Last Action Hero (1993)

It feels like dog-piling to jump on something so universally considered a disaster, but never let it be said that I'm the bigger person.

The plot involves Danny, a 12 year old boy who idolizes the character Jack Slater, an on screen action hero portrayed by Arnold Schwarzenegger, both in universe and here in the real world. After a break in at his apartment, he retreats to his favorite theater to get a special sneak preview of Jack Slater IV. Given a magic golden ticket once owned by Houdini for reasons that feel very extraneous, he is transported into the actual film. Once there, he has to convince Slater that he's in a movie, because... well, that's not really nailed down either. But in his exuberance, the bad guys are made aware of the ticket and use it to escape into the real world, where they discover that bad guys can win, until the movie needs to be over, in which case they can't.

The movie intends to be a parody, lampooning the ridiculousness of action movie cliches. However, as mentioned by many a reviewer before now, Schwarzenegger was already parodying himself by 1993. The entire genre was a parody by then. And as far as parodies go, Last Action Hero comes off more like they took an actual action movie and added a few jokes. The observations they make read like a bad Buzzfeed list. Infinite ammo, bad guys can't aim, nobody gets hurt, all the women are models, there's a loud police chief demanding the hero's badge. Danny insists on trying to prove he's in a movie, which has a few funny moments, but the majority of the film is a by the books action movie with an obnoxious kid doing his worst Mystery Science Theater 3000 impression. Literally the entire Jack Slater movie is shown, right up until the big finale. Changing the rules, Benedict, the big bad's assassin, escapes into the real world. At this point the movie picks up slightly. We get an amusing series of events where Jack and Benedict both have to figure out the rules of the real world, which are still pretty unrealistic. Jack slams a car head on into a taxi and suffers no injury. Immediately prior he punches out a window without slicing up his hand, although he complains that it hurts. In another scene he rips a car door off it's hinges. And don't get me started on the finale, which involves jumping off rooftops, driving the wrong way through NYC traffic, and a Hollywood event that apparently has zero security. The only parts that worked were the crumpling car roofs as Jack runs across them, causing him to fall, and Benedict realizing that police don't instantly appear when he commits a crime.

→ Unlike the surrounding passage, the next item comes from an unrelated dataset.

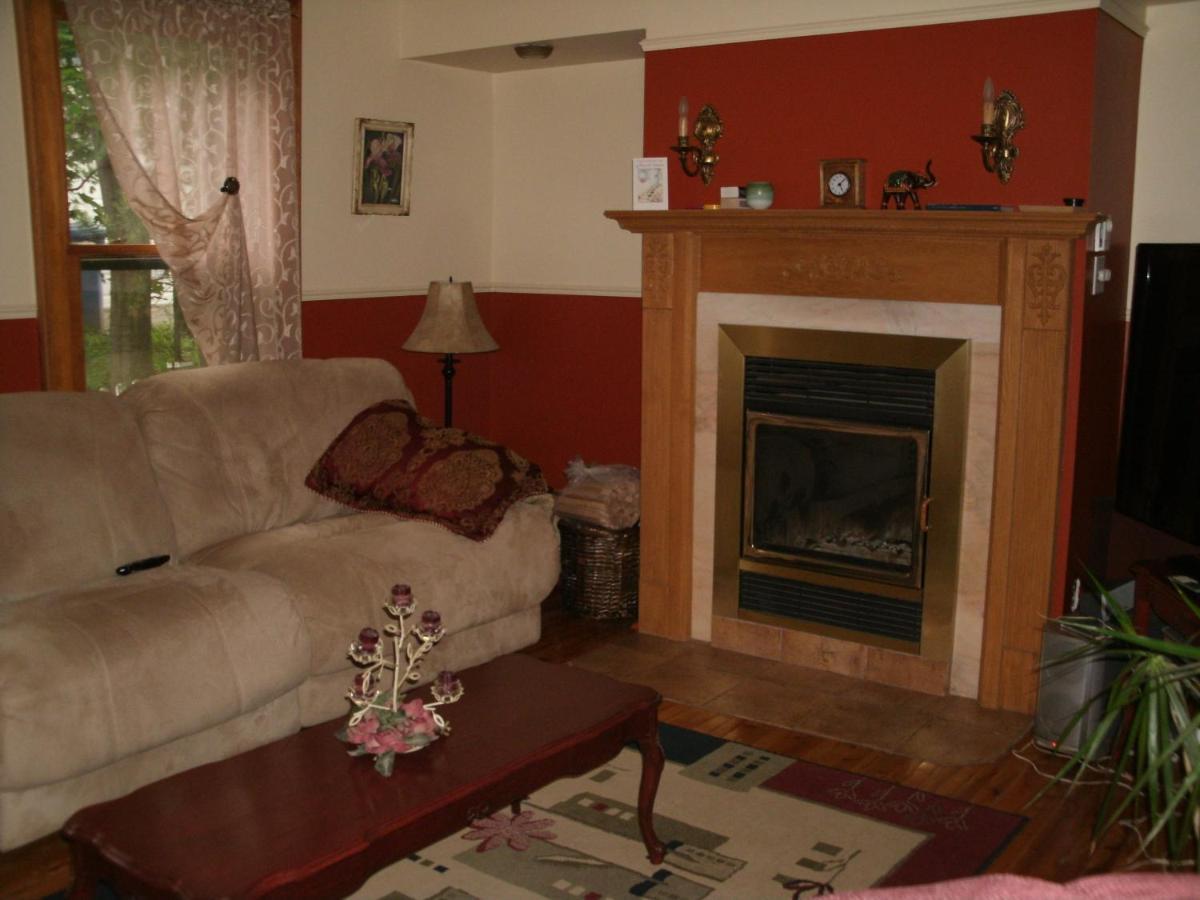 Bed and Breakfast Ici Et Maintenant Magog Exterior foto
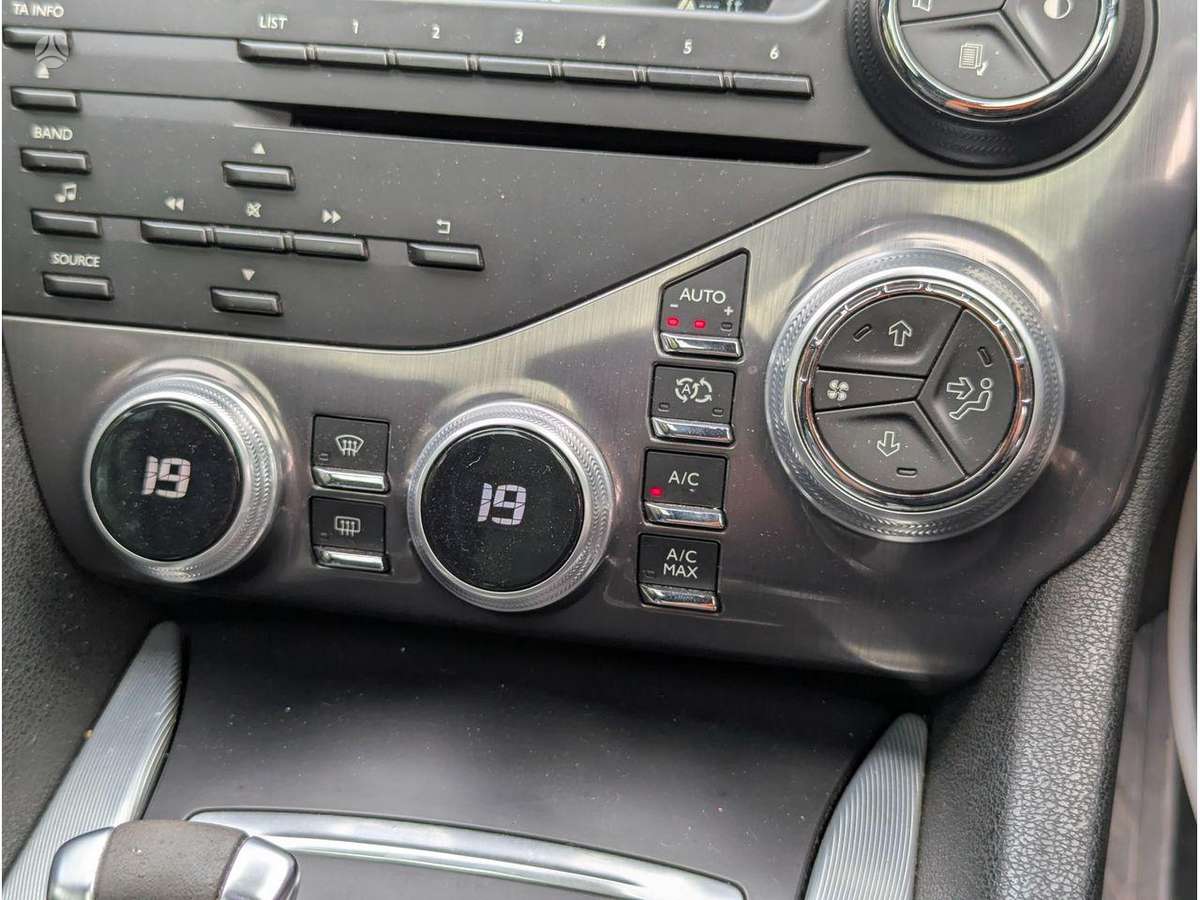 Citroen DS5 engine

Even in the real world, the movie still fails to do much with it's premise. It hints at a grander plan, but just boils down to being a half hour of what feels like another movie stapled onto the end of this one. Tonally, the movie is all over the place. Rarely are we made to feel like Jack is the one being naive in all this. He knows the rules of his universe and Danny is a delusional kid. Danny comes off as being a smug comic sidekick for most of the movie. Why he even insists on trying to prove to Slater that this is a movie isn't made clear. Why doesn't he have more of a blast bending the rules? Why does he try to break the movie instead of trying to use his insider knowledge to be the hero? Why does he tell everyone about the magic ticket so it can be stolen? That's not really being genre savvy, that's just being a great example of the Dunning-Kruger Effect. Why does the movie feel the need to set up a meeting between "real world" Arnold and Jack Slater just to have him think Slater is a celebrity look alike? What is the purpose of Slater's daughter? Why was this movie two hours and ten minutes long? Did someone say "Yes, we absolutely have to have the full Jack Slater movie in the middle"?